• _Work to complete_: The line containing "CDC Opioid Guideline screenshot" marks the end; write out exactly every line from the start of the data up to and including it, without the pictures.

_ _ _ _

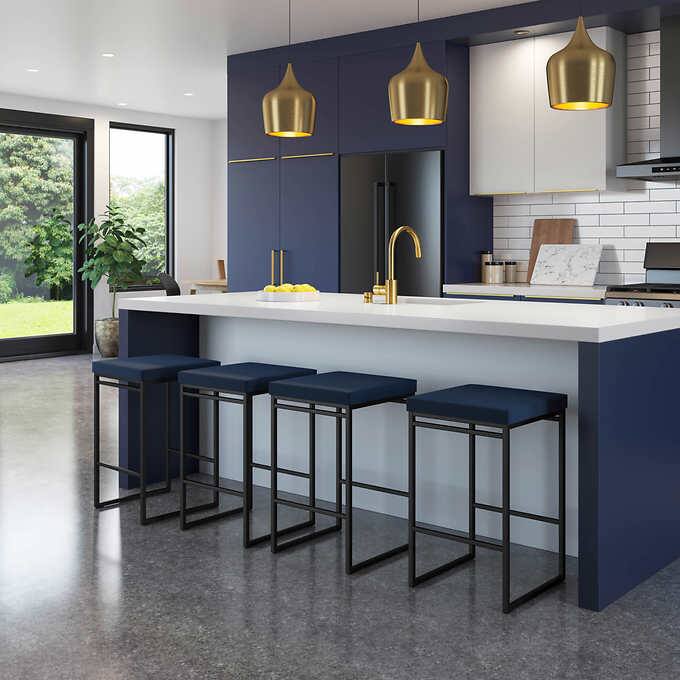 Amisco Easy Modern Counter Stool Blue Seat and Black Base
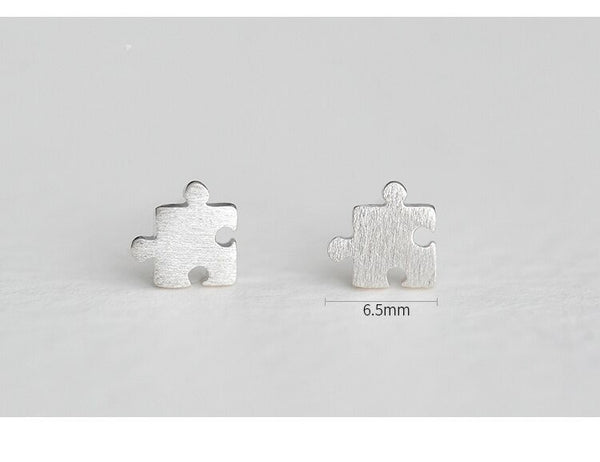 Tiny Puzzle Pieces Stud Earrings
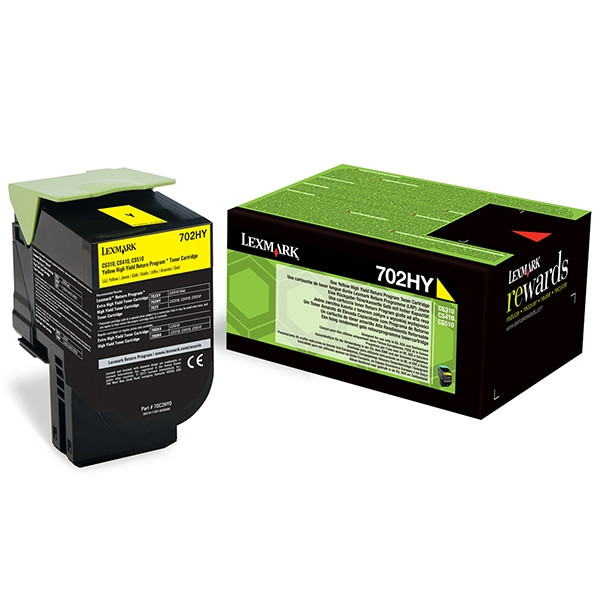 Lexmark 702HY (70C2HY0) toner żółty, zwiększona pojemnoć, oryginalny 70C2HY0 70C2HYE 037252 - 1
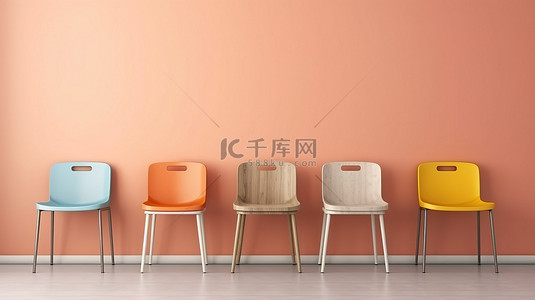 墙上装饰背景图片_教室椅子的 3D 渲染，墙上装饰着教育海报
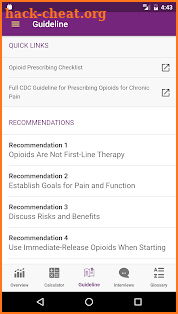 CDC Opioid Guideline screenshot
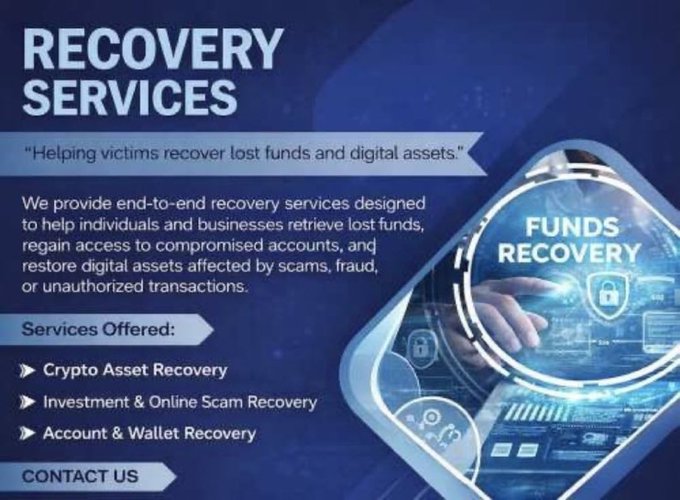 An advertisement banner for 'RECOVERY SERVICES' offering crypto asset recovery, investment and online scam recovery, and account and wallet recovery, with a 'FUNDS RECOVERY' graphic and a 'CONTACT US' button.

_ _ _ _

• _Solution below_:
 Amisco Easy Modern Counter Stool Blue Seat and Black Base
 Tiny Puzzle Pieces Stud Earrings
 Lexmark 702HY (70C2HY0) toner żółty, zwiększona pojemnoć, oryginalny 70C2HY0 70C2HYE 037252 - 1
 墙上装饰背景图片_教室椅子的 3D 渲染，墙上装饰着教育海报
 CDC Opioid Guideline screenshot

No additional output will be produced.